07.18.2017

Cloud as Risk Mitigator

07.18.2017
Terry Flanagan

For financial-services firms, operational risk is a scourge to be vigorously minimized. Any internally-sourced problem that disrupts business processes not only costs money, but also leads to the slippery slope of reputational risk.

One way to potentially mitigate operational risk is migrating to the cloud, which entails moving data, applications or other business elements from an organization’s onsite computers to an external network of servers.

Among other advantages, cloud servers allow far more enterprise computing in just a fraction of the physical space, via step-ups such as higher-horsepower processors and greater server memory.   

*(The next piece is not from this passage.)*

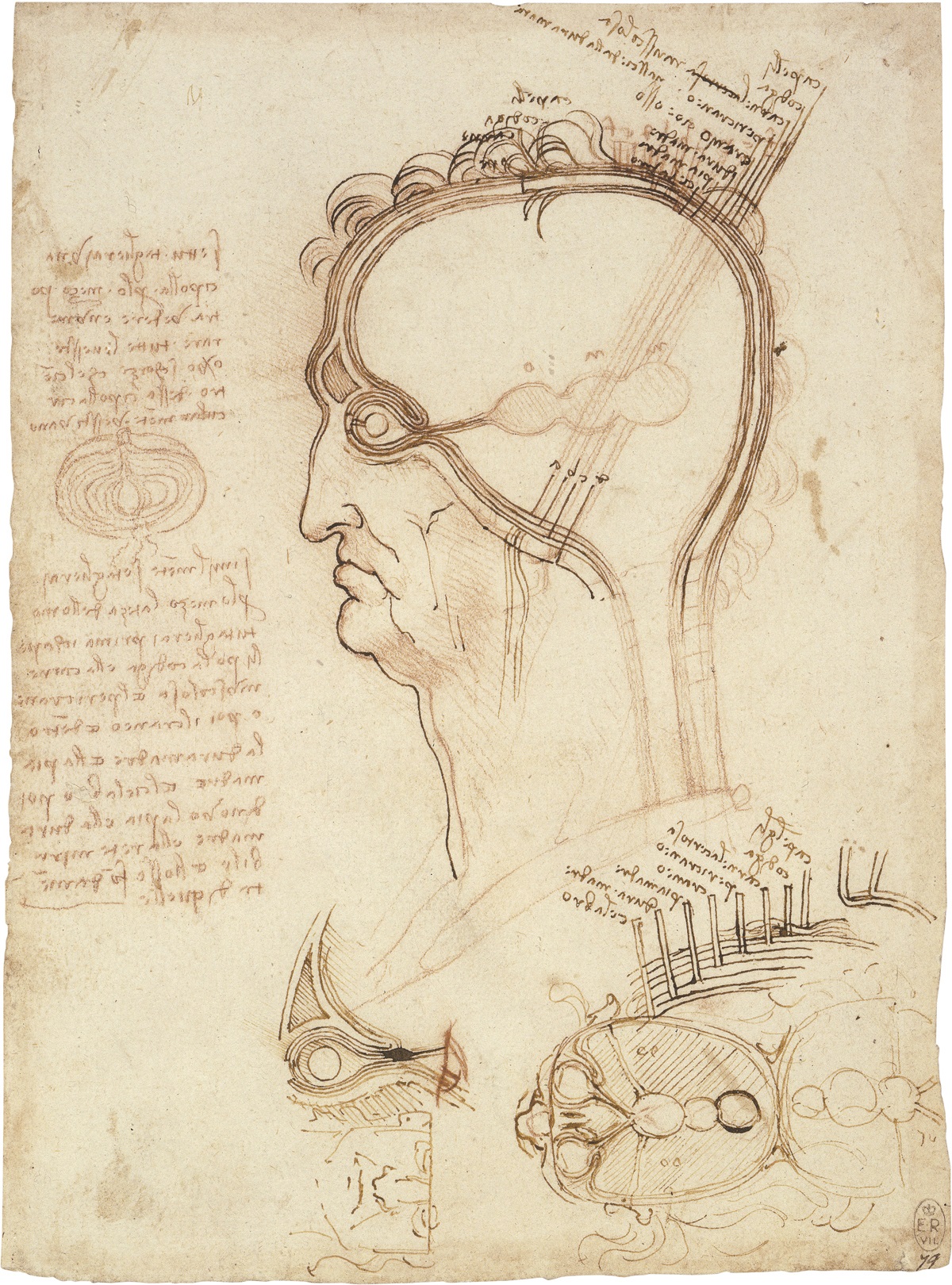 Leonardo da Vinci Sections of the Human Head and Eye 149093 Other titles of - photo 5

Howard Boville, Bank of America

“You have better density from the environment, so there are fewer things that can break,” said Howard Boville, chief technology officer at Bank of America. “You also drive out variability and complexity — we’re not doing custom builds of environments for every application, which was the way of the past.”

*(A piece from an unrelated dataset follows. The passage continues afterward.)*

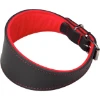 Imagen de COLLAR GALGO 2154014501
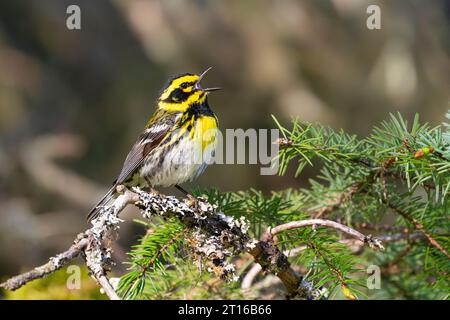 Townsend's Warbler thront auf einem Baum in SüdzentralAlaska. Stockfoto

Bank of America has completed about 45% of its migration from legacy infrastructure platforms to software-defined infrastructure, or internal cloud, Boville said in a June 28 interview. The objective is to have 80% of the firm’s workflows transitioned over by 2019, according to the CTO.      

“As it applies to public cloud, we’re beginning a series of controlled experiments with a number of providers,” Boville said. “This is to understand how that resource pool put in the cloud would fit within our overall context of different resource pools…We have a series of measures that we work with that tie back to the core mission of the bank, which is responsible growth.”

Boville said that Bank of America’s migration to the internal cloud has resulted in a 92% reduction in ‘level one’ incidents,  which are the unplanned interruptions to IT service or reductions in quality of IT service that need to be most quickly rectified.

With regard to a potential migration to the public cloud, “from a risk perspective, we’ve identified 62 areas that we need to put controls in place from a laws, rules, and regulations perspective,” Boville said. “These include operations, information security, privacy, and business continuity, which we will be testing as part of the controlled experiments.”

‘Framework’ is Key

Bill Fenick, Interxion

“Going to the cloud reduces operational risk,” said Bill Fenick, strategy and marketing director, financial services for Interxion, a provider of European colocation data-centre services​. “It’s very prescriptive to the developers, who need to work within a framework which does not allow for exceptions.”

“It’s easier for the operational people to maintain their code because they know that they work within a framework,” Fenick continued. “So from an operational perspective, nobody is doing anything that’s terribly surprising,” which simplifies both the migration and post-migration support of the application, he said.

Automation tools integrated with cloud services is one of multiple ways cloud can reduce operational risk, said Scott Mullins, head of worldwide financial services business development at Amazon Web Services, the biggest public-cloud provider.

Mullins also cited the cloud practice of using standardized machine images and replacing rather than patching faulty components; auto-scaling capabilities that respond well to user requests and enable offline troubleshooting; and automation of security and identity and access mechanisms that cleanly separate duties and ensure that no operation is performed by unauthorized persons.

Scott Mullins, Amazon Web Services

“Lastly, the automation of change management and the promotion of binaries to higher environments eliminates the risk of introducing error by having different environments,” Mullins said. “Since the infrastructure, as well as the application, are treated as code and deployed as such, there is consistency between environments such as development, Q/A and test, and production.”

One op-risk mitigator for a cloud migration is so-called ring fencing, or the methodology of isolating legacy applications that will not be ported to the cloud. Fenick explained that such legacy applications may still publish data, but no new cloud applications will subscribe to the data, so the legacy apps are ‘ring-fenced’ and can be shut off without unintended consequences.

“In public cloud, you typically have to re-write the application to get the economic benefit and the risk benefit,” said Bank of America’s Boville. “For an organization like ours, with a lot of legacy applications, you are typically rewriting about 5-10% of your application base. That gives you the size of the addressable market that you could move to the cloud. So you would ring-fence those applications.”

“You have to build the flavor of cloud that is relevant to the legacy application you move across,” Boville added. “We’ve had success moving legacy applications onto our internal cloud while improving both cost and risk variables associated with those applications. We’ll look to do something similar externally if it makes sense for the application.”